For once, he has a point. The retort that Wolf was no worse than Trump, an excuse so overused kids employ it to justify not doing their homework, is lame. He goes low so we go low? And there’s no percentage in doing it. Ask Marco Rubio and Jim Comey how fruitful it is to stoop to Trump’s level. Because Trump introduced the p-word into politics doesn’t mean it should be uttered from the podium of the White House Correspondents’ Dinner. Trade associations have raucous conventions all the time but the press is a constitutionally protected institution that needs to guard its position, not expose it to misinterpretation.
As it became obvious she was bombing, Wolf muttered an aside aimed at the WHCA saying, “Shoulda done more research before you got me to do this.” But not vice versa. Bombing in Washington will likely boost Wolf's career. After Imus, the correspondents’ association wrote a formal letter of apology to the president and Clinton’s press secretary unsuccessfully pleaded with C-Span not to rebroadcast the dinner.
That hasn’t happened yet here. Association president Margaret Talev, who gave a fine speech about a free press, defended Wolf as a talented comedian with a message to deliver while also lamenting that “the entertainer’s monologue was not in the spirit of the mission” of a free press.
Monday afternoon, Kellyanne Conway, another target of Wolf, who said she had the perfect name in “CONway,” and should be felled by a tree, responded that the whole thing proved that the press is not out to get the story but to get Trump.
That’s not so, but why offer up ammunition?

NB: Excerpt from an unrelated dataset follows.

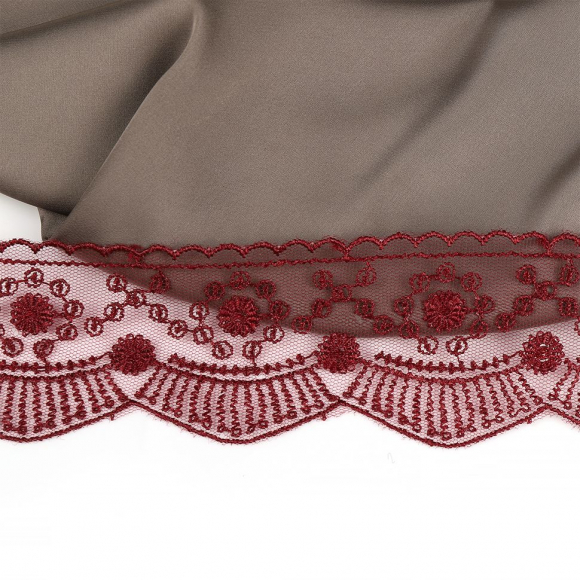 Кружево на жесткой сетке Exclusive арт.TBY J2052W-2 шир.55мм цв.R4515 бордовый уп.13,71м Кружево на жесткой сетке Exclusive арт.TBY J2052W-2 шир.55мм цв.R4515 бордовый уп.13,71м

Talev’s explanation didn’t stop talk of overhauling the event, and allaying criticism that it’s an excuse for the press to celebrate ourselves and get high-ranking officials and Hollywood stars (the cast of Downton Abbey and Veep have come) to join us for a night on the town. The arms race to bribe celebrities with Oscar-like goodie bags, suites at the Four Seasons, and first-class flights has abated a bit since Trump boycotted the dinner and word traveled that the dinner was not that hot. George Clooney said he was surprised when his car pulled up to the Washington Hilton and not the White House.
To compensate, in recent years, there’s more stage time given to the awarding of journalism scholarships. It’s hardly enough. That $100,000 is dwarfed by the millions media companies spend on a night that politicians see mostly as an obligation, celebrities mostly as a disappointment.
The press sees it as something to apologize for. This president just isn’t into it, except as something to use against the press.
On the night Washington was in black-tie for Wolf’s lame routine, nine reporters were killed by a suicide bomb in Kabul. That’s who we need to honor. Talev admitted the evening’s performer didn’t support the mission of the press. Next year, the group needs to choose one that will, or call the whole thing off.